Update legal frameworks. Review terms of service, return policies, and privacy policies for AI-initiated transactions. Add explicit language about AI agent purchases.
Implement human-in-the-loop oversight. Set transaction limits requiring human approval for high-value AI agent orders. Create override capabilities and escalation paths.
Tier 3: Do This Year (Higher Effort, Strategic Impact)
Diversify channels. Don’t let AI referral traffic exceed 30-40% of total revenue. Maintain strong direct channels: email, SMS, organic search, paid search.
Build agent-resistant brand value. Create customer experiences that AI agents can’t replicate: communities, loyalty programs with experiential rewards, personalized post-purchase follow-ups.
Fraud infrastructure upgrade. Update fraud detection to distinguish legitimate AI agents from malicious bots. Implement agent identity verification as it becomes available through Visa TAP and UCP authentication.
Legal preparation. Establish cyber insurance covering AI-related incidents. Build compliance documentation for evolving regulations. Create a response plan for AI-related fraud or data incidents.
Frequently Asked Questions
What is the biggest risk of agentic commerce for Shopify merchants?
Loss of customer relationships. When AI agents handle discovery through purchase, merchants lose direct contact, email signups, behavioral data, and cross-sell opportunities. This threatens long-term customer lifetime value more than any single fraud incident.

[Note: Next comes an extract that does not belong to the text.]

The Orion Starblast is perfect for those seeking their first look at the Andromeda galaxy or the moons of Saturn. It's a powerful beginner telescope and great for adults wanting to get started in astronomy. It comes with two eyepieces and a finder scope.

How do I protect my store from AI agent fraud?
Separate AI-initiated transactions from human ones in your analytics. Monitor chargeback rates on AI-referred orders. Update fraud detection to distinguish legitimate agents from bots. Implement agent identity verification as platforms make it available.
Will agentic commerce make my brand irrelevant?

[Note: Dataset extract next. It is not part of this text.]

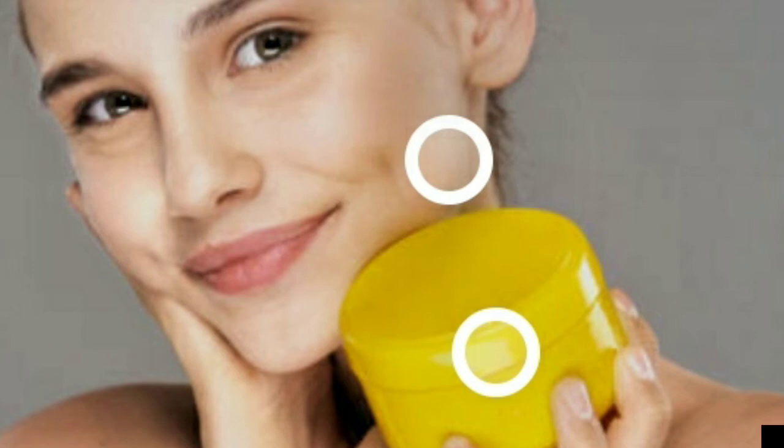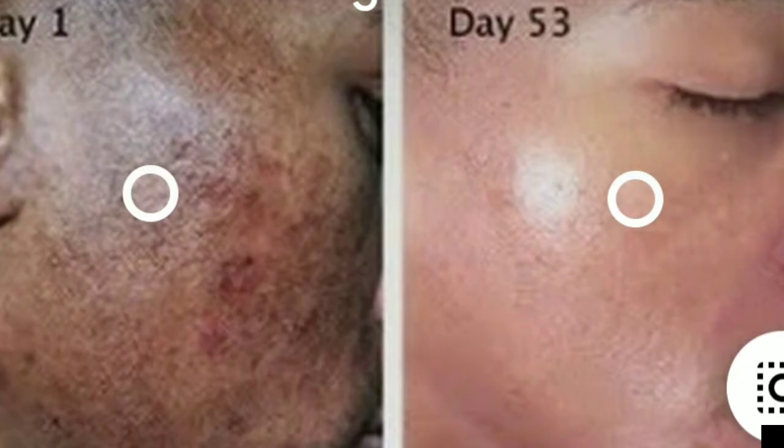I want to advise my fellow ladies — and even guys, you can apply it too. Most of the time when guys do these kinds of things, they feel so embarrassed because someone next to them will ask, 'Are you okay? Why are you behaving like a woman?' But why must only a woman take care of herself? Men should also apply body cream and especially facial cream.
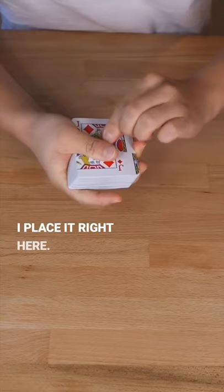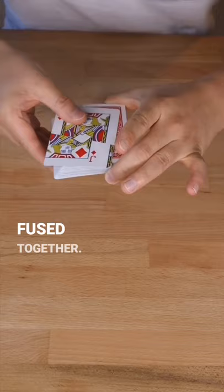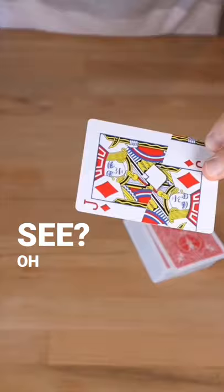Something happened. It fused together. It fused together and became one single card. Oh my!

Not if you prepare. Build machine-readable brand signals (structured data, verified reviews). Create experiences agents can’t replicate (communities, unboxing, in-store). Ensure your product data is accurate enough that agents represent you correctly.

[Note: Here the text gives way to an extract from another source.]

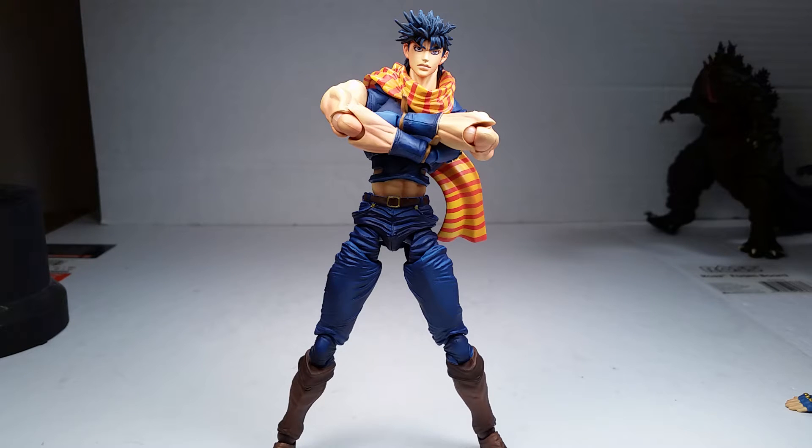What's up YouTube? This is C-Dawg back with another review, and this time it's on the Super Action Statue line — the Jojo's Bizarre Adventure line. This is Jojo right here: Joseph Joestar.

Should I block AI agents from my Shopify store?
No. Blocking agents means losing access to a growing shopping channel. Instead, control what data agents can access, ensure accuracy of that data, and monitor how agents represent your products. Participate on your terms.
How do AI hallucinations affect my store?
When an AI agent misrepresents your product (wrong features, wrong price, wrong availability), the customer blames you. You face returns, chargebacks, and negative reviews for problems the AI caused. RAG with structured product data reduces hallucinations by 71%.
What regulations apply to agentic commerce?
FTC Operation AI Comply targets deceptive AI practices. The EU AI Act phases in through 2026. Multiple US states are enacting AI governance laws. No comprehensive agentic commerce regulation exists yet, but the legal landscape is evolving fast.
Is my customer data safe with AI platforms?
AI-related privacy incidents surged 56% last year. Only 47% of people trust AI companies with personal data. Share only what’s necessary for transactions. Create data processing agreements. Separate customer PII from product data in AI integrations.
How much of my traffic should come from AI agents?
Keep AI referral traffic below 30-40% of total revenue to avoid dangerous platform dependency. Maintain strong direct channels (email, organic, paid). Diversify across multiple AI platforms rather than relying on one.
What’s the chargeback risk with AI agent purchases?
Friendly fraud chargebacks already comprise 75% of all disputes. AI agent purchases add authorization ambiguity (did the consumer actually approve this purchase?). Document AI agent authorization flows and keep records for chargeback defense.
How do I get started with agentic commerce safely?
Start with accurate product data (structured, machine-readable). Monitor how AI agents describe your products. Track AI-referred traffic separately. Update legal terms for AI purchases. Then gradually enable deeper AI integrations while monitoring performance and risk metrics at each stage.